Without copying any picture, transcribe exactly the lines of the data below from the one containing "LAND ROVER RRC500261" through the one containing "Cortex Dumbbell Set".

── Excerpted data

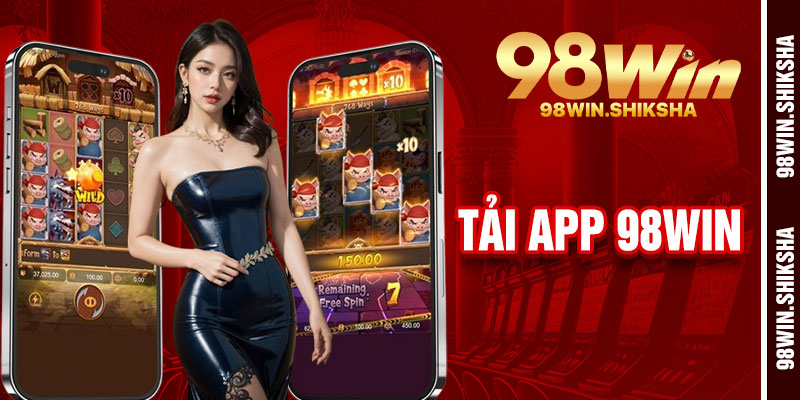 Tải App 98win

────
── Excerpted data

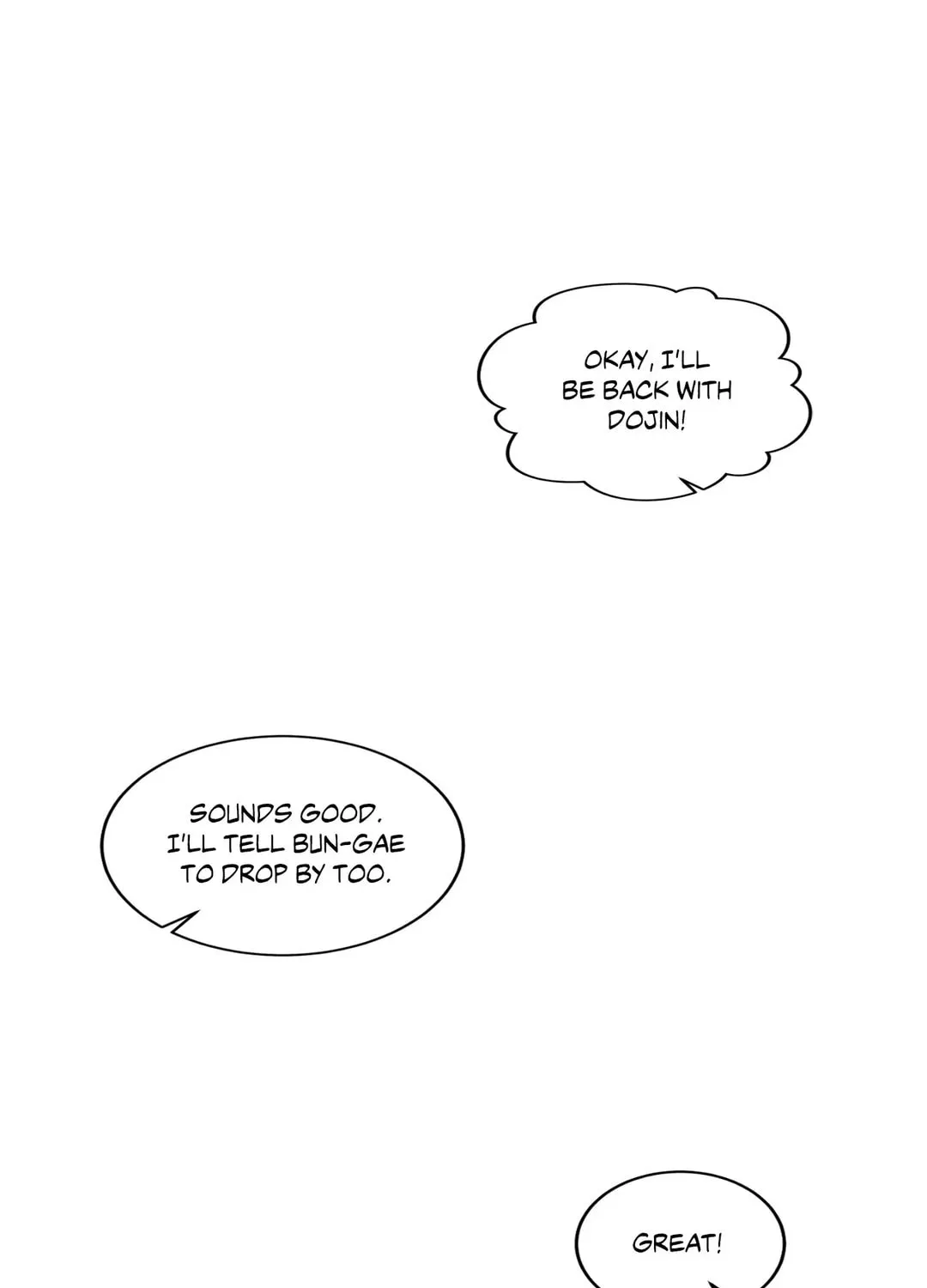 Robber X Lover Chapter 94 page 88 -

────
── Excerpted data

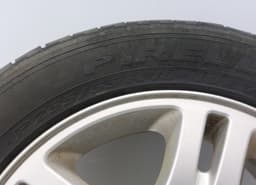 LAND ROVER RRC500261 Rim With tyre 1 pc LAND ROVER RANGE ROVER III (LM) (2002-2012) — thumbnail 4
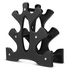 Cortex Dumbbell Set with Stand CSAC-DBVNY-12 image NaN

────

Exercise result:
 LAND ROVER RRC500261 Rim With tyre 1 pc LAND ROVER RANGE ROVER III (LM) (2002-2012) — thumbnail 4
 Cortex Dumbbell Set with Stand CSAC-DBVNY-12 image NaN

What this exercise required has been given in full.